● **What you need to do**
Wherever the string "Garden" shows up in the data below, copy the whole line.

● **Supplied material**
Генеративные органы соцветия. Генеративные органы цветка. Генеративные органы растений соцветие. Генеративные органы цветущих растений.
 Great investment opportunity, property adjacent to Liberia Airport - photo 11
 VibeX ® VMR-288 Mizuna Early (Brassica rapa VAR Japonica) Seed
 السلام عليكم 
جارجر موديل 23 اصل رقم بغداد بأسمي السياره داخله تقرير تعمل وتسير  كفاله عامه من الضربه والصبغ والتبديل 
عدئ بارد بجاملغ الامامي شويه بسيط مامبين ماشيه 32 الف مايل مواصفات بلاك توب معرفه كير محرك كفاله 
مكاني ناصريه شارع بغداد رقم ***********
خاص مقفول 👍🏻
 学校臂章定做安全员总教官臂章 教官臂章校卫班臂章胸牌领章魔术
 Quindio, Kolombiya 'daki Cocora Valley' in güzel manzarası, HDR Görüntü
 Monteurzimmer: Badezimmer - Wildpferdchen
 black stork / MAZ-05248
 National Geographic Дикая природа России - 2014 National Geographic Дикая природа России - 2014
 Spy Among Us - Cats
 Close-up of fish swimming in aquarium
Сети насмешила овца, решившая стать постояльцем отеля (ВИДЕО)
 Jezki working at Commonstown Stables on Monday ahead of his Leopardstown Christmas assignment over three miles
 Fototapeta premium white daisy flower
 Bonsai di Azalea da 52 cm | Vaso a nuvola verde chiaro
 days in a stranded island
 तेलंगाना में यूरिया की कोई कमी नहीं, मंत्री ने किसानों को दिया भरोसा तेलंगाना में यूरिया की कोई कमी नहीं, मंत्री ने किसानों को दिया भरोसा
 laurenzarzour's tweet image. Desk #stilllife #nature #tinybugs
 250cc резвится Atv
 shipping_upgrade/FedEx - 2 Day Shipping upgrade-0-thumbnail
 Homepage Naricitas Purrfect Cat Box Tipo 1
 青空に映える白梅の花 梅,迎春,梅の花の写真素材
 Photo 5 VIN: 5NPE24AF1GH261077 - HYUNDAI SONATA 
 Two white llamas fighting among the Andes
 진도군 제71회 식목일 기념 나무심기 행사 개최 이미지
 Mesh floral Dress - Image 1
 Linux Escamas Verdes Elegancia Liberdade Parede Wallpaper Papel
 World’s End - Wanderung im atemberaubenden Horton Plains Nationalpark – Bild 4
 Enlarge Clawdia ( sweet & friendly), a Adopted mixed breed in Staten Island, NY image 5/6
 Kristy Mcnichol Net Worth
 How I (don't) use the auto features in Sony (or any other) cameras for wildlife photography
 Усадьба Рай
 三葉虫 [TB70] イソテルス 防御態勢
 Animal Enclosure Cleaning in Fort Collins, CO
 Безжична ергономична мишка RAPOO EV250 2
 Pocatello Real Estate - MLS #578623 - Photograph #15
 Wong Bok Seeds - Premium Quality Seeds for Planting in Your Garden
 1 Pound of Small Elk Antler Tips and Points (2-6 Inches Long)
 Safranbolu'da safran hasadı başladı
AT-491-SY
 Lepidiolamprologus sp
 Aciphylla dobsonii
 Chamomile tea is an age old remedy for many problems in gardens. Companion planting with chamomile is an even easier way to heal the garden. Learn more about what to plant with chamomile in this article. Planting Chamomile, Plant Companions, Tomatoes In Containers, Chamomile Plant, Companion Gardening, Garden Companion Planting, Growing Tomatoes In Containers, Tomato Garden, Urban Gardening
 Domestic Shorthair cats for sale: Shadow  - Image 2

● **Written answer**
 Wong Bok Seeds - Premium Quality Seeds for Planting in Your Garden
 Chamomile tea is an age old remedy for many problems in gardens. Companion planting with chamomile is an even easier way to heal the garden. Learn more about what to plant with chamomile in this article. Planting Chamomile, Plant Companions, Tomatoes In Containers, Chamomile Plant, Companion Gardening, Garden Companion Planting, Growing Tomatoes In Containers, Tomato Garden, Urban Gardening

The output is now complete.